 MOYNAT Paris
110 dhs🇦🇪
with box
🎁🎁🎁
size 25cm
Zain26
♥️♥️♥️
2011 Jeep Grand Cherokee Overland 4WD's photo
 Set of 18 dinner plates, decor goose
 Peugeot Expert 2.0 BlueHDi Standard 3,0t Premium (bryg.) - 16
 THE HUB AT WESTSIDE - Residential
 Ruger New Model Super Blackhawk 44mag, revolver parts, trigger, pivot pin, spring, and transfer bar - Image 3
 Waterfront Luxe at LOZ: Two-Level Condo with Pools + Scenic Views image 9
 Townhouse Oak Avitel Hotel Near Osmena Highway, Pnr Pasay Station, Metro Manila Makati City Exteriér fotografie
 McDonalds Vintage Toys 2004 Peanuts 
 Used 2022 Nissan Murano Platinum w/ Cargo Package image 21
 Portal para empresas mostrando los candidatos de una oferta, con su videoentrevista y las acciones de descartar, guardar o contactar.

→ ACTION ITEM: Copy each line of the data above exactly as it appears.

→ RESPONSE FOR THIS EXERCISE:
 MOYNAT Paris
110 dhs🇦🇪
with box
🎁🎁🎁
size 25cm
Zain26
♥️♥️♥️
2011 Jeep Grand Cherokee Overland 4WD's photo
 Set of 18 dinner plates, decor goose
 Peugeot Expert 2.0 BlueHDi Standard 3,0t Premium (bryg.) - 16
 THE HUB AT WESTSIDE - Residential
 Ruger New Model Super Blackhawk 44mag, revolver parts, trigger, pivot pin, spring, and transfer bar - Image 3
 Waterfront Luxe at LOZ: Two-Level Condo with Pools + Scenic Views image 9
 Townhouse Oak Avitel Hotel Near Osmena Highway, Pnr Pasay Station, Metro Manila Makati City Exteriér fotografie
 McDonalds Vintage Toys 2004 Peanuts 
 Used 2022 Nissan Murano Platinum w/ Cargo Package image 21
 Portal para empresas mostrando los candidatos de una oferta, con su videoentrevista y las acciones de descartar, guardar o contactar.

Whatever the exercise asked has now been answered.